Nous avons pu constater nous-même que, par exemple, l’État islamique publie une revue intitulée Dar al-Islam accessible aisément sur internet. La lecture de ces textes se suffit à elle-même par son cortège d’appels à la discrimination, à la haine et au meurtre.
Je suis scandalisé par le fait que cette publication puisse être accessible avec une telle facilité et je m’interroge sur les raisons qui justifient qu’on n’interdise pas de telles publications.
Que compte faire la Commission à ce sujet?

Réponse donnée par M. Avramopoulos au nom de la Commission (6.6.2016)

La Commission est préoccupée par l’augmentation du volume des contenus terroristes aisément accessibles en ligne et qui peuvent être exploités en vue de la radicalisation et du recrutement d’individus. Ce phénomène a été identifié comme un point prioritaire au titre du programme européen en matière de sécurité .

En décembre 2015, la Commission a lancé un forum de l’UE sur internet, qui réunit les ministres de l’intérieur et les entreprises du secteur de l’internet afin qu’ils discutent du renforcement de leur collaboration dans la lutte contre ce problème. Les débats ont porté sur la manière de doter les partenaires de la société civile de moyens pour contrer le discours des terroristes et proposer des discours alternatifs positifs, ainsi que sur la façon de réduire l’accessibilité en ligne des contenus terroristes. Une unité de l’UE chargée du signalement des contenus sur internet a été mise en place au sein d’Europol afin de détecter les contenus terroristes en ligne et d’en informer les entreprises de l’internet. Cette approche volontaire semble fonctionner et, dans la plupart des cas, les contenus en cause sont rapidement supprimés par les entreprises intéressées à partir du moment où elles en ont connaissance. Des mesures complémentaires sont actuellement mises en œuvre en vue de garantir des progrès en la matière.

La directive sur le commerce électronique subordonne l’exemption de responsabilité des prestataires intermédiaires à la condition du retrait des contenus illicites dès lors que les prestataires ont été effectivement informés de leur existence. Une évaluation globale du rôle des intermédiaires en ligne, en cours à l’heure actuelle, traite des actions destinées à lutter contre les contenus illicites sur internet, telles que des procédures strictes visant au retrait de ces derniers tout en évitant la suppression de contenus licites.

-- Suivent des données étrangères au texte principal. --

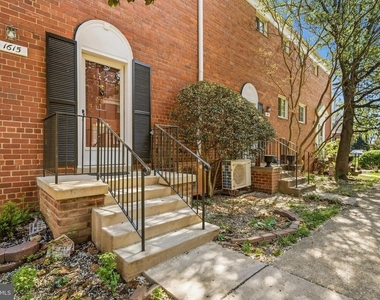 1615 Mount Eagle Place - Photo Thumbnail 2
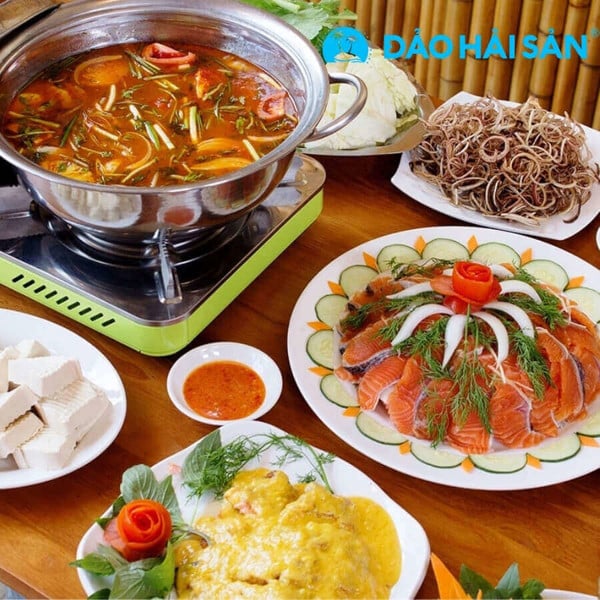 Cách nấu lẩu kim chi thịt bò thơm ngon, hấp dẫn chuẩn vị Hàn Quốc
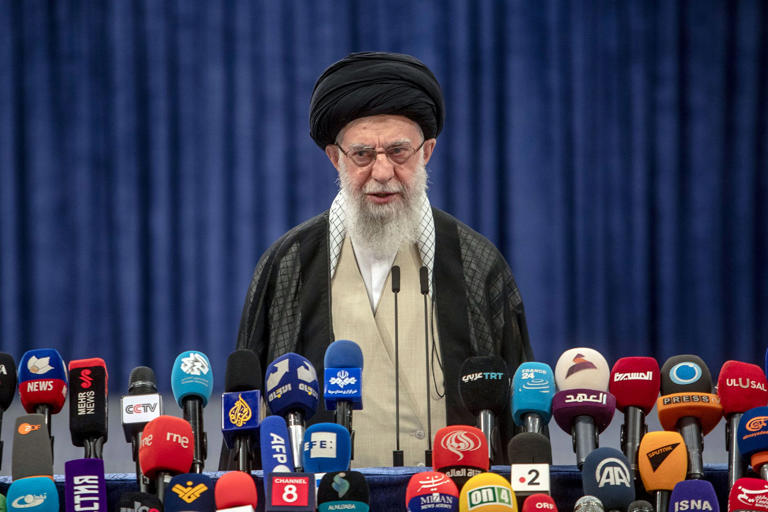 Pemimpin Tertinggi Iran, Ayatollah Ali Khamenei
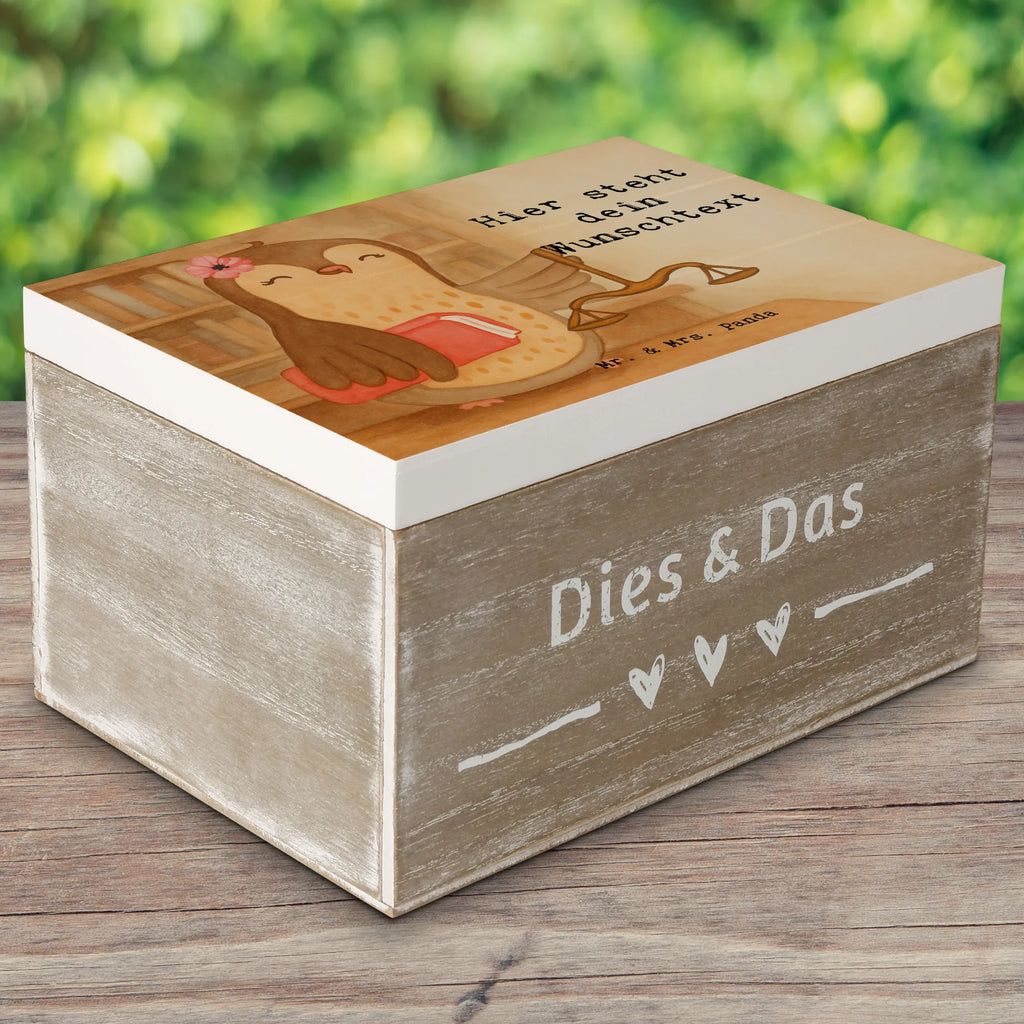 Personalisierte Holzkiste Juristin Leidenschaft Design Erinnerungsbox mit Namen, Schatzkiste Personalisiert, Kiste Personalisiert, Erinnerungsbox Personalisiert, Erinnerungskiste, Schatulle Personalisiert, Holzkiste Personalisiert, Truhe mit Namen, Dekokiste mit Namen, Dekokiste Personalisiert, Kiste mit Namen, Aufbewahrungsbox Personalisiert, Schatulle mit Namen, Holzkiste mit Namen, Aufbewahrungsbox mit Namen, Truhe Personalisiert, GEschenkdose personalisiert, mit Namen, Schatzkiste mit Namen, Geschenkbox personalisiert, Erinnerungskiste Personalisiert, Beruf, Ausbildung, Jubiläum, Abschied, Rente, Kollege, Kollegin, Geschenk, Schenken, Arbeitskollege, Mitarbeiter, Firma, Danke, Dankeschön, Staatsexamen, Master of laws, Jura Studium, Anwältin, Juristin, Anwaltskanzlei, Jurastudent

Enfin, le 20 avril 2016, la Commission a présenté la communication intitulée «Mise en œuvre du programme européen en matière de sécurité pour lutter contre le terrorisme et ouvrir la voie à une union de la sécurité réelle et effective» , qui indique des mesures destinées à renforcer la coopération en matière de sécurité et de lutte contre le terrorisme, y compris la prévention de la radicalisation et la lutte contre celle-ci .

Que fait l’UE face à la situation qui semble s’aggraver au Burundi ?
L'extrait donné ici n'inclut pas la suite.